The excerpt reproduced below in English includes the Introduction of the book and a section of Chapter 1 entitled “The tradition of Black August”.
Introduction
In commemoration of the Black August tradition that emerged in the 1970s to honor George Jackson and other comrades in the revolutionary movement inside the prisons of California, we extend our solidarity to dozens of political prisoners of the Black Liberation Movement who have been locked up in the prisons of the United States for decades.
In this book, we share the revolutionary spirit of people with tremendous courage and commitment, with amazing histories of struggle in their communities and inside prison walls. These men and women have remained steadfast and unbroken even while enduring the worst kinds of cruel and degrading treatment. Despite the war unleashed against them through the FBI’s counterinsurgency program known as COINTELPRO and the ongoing efforts of the organized police and mass media to erase them from history, it is possible to find reliable information about their cases in some books, films and websites, but nearly all in English.
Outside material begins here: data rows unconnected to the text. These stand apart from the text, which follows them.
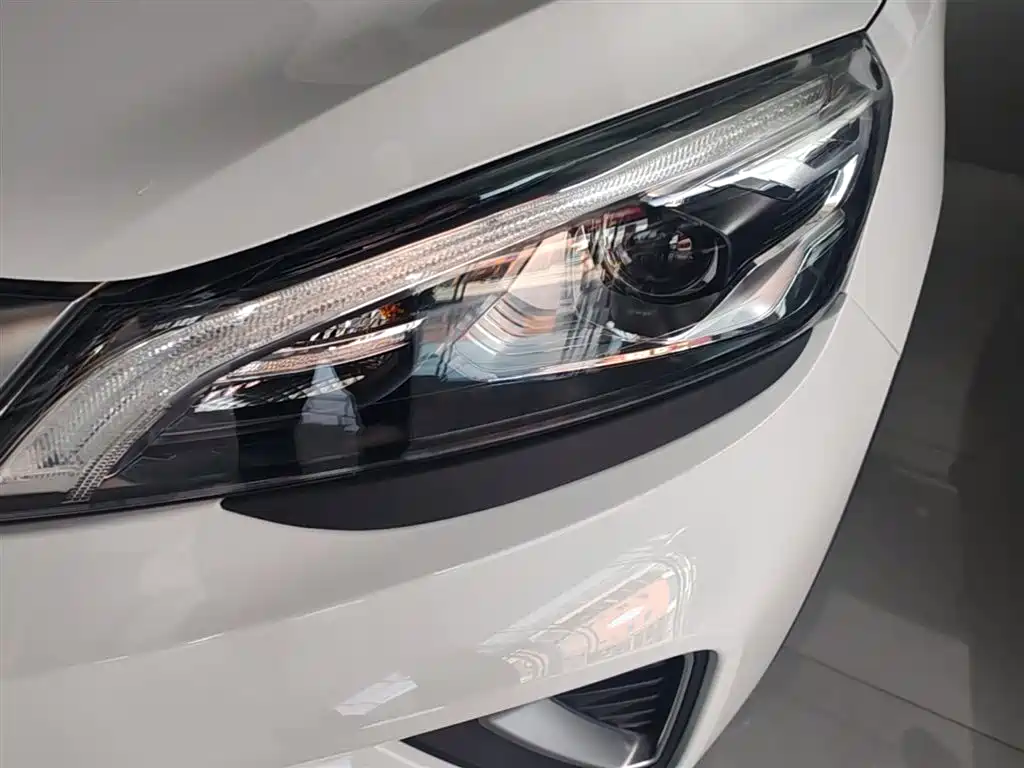 Geely Emgrand GS 2020 — фото 24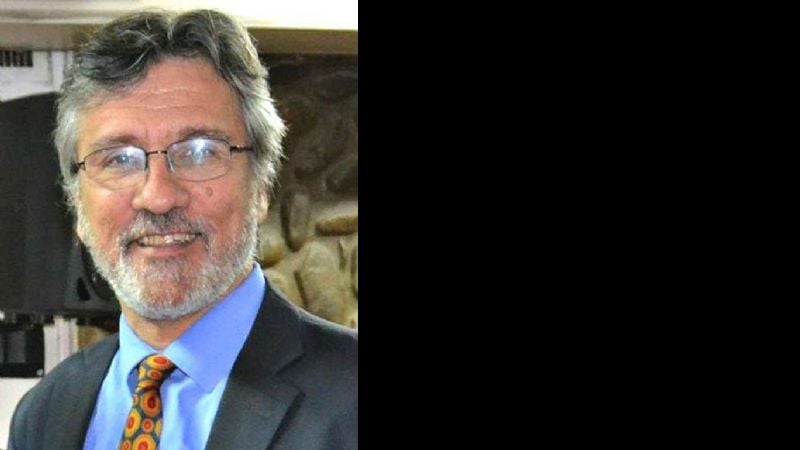 Ex legislador asumiría en la Secretaría de Medios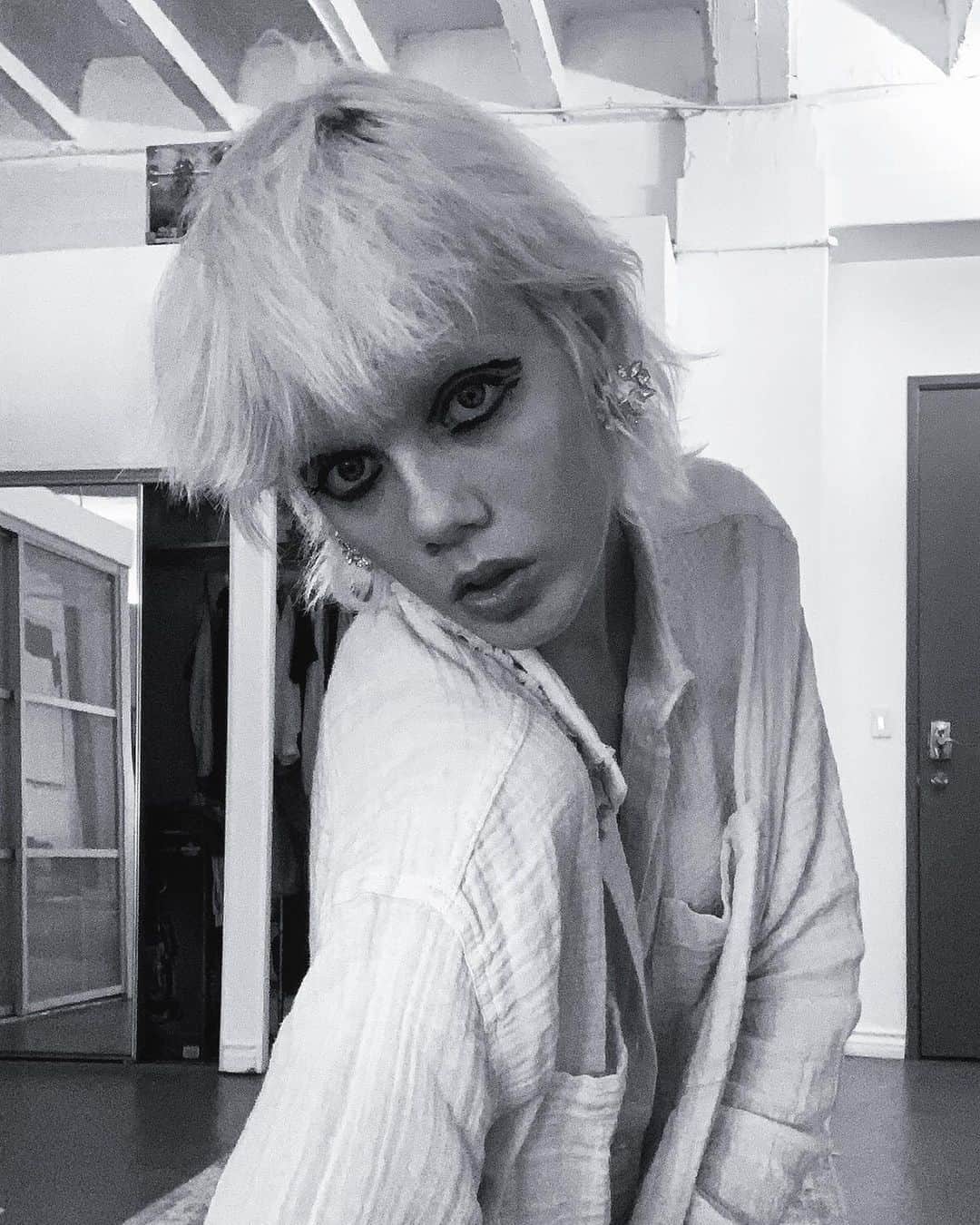 マリヤン・ジョンクマンのインスタグラム：「Becoming a make up artist ? 👽」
In 2010, Carolina Saldaña, a reporter for independent media who also works with the collective, Amig@s de Mumia de México, made an effort to spread at least part of this information to a broader public in a series of Spanish language articles. In 2014, these articles — a labor of compilation, translation, contextualization, and composition — were updated and reproduced in a fanzine, which was converted into a book published by Lxs Nadie in August of 2016. At the end of the year, in editorial coordination with SubVersiones, the text was updated and expanded again and we now have this version of Black August: Political prisoners in struggle.
As of 2014, five of the prisoners that we meet in this book have been received with celebrations in their communities upon being released from prison. We are happy to say that after having decades of their lives stolen from them, Maliki Shakur Latine, Albert Woodfox, Sekou Odinga, Gary Tyler, Sekou Kambui y Marshall Eddie Conway have been freed. But there are also deaths that will never be forgiven. Phil Africa, Hugo ‘Yogi’ Pinell, Mondo we Langa and Abdul Majid struggled inside the walls until the end of their days here on earth against a murderous system, which underscores the urgency of the speedy liberation of all the rest of the political prisoners.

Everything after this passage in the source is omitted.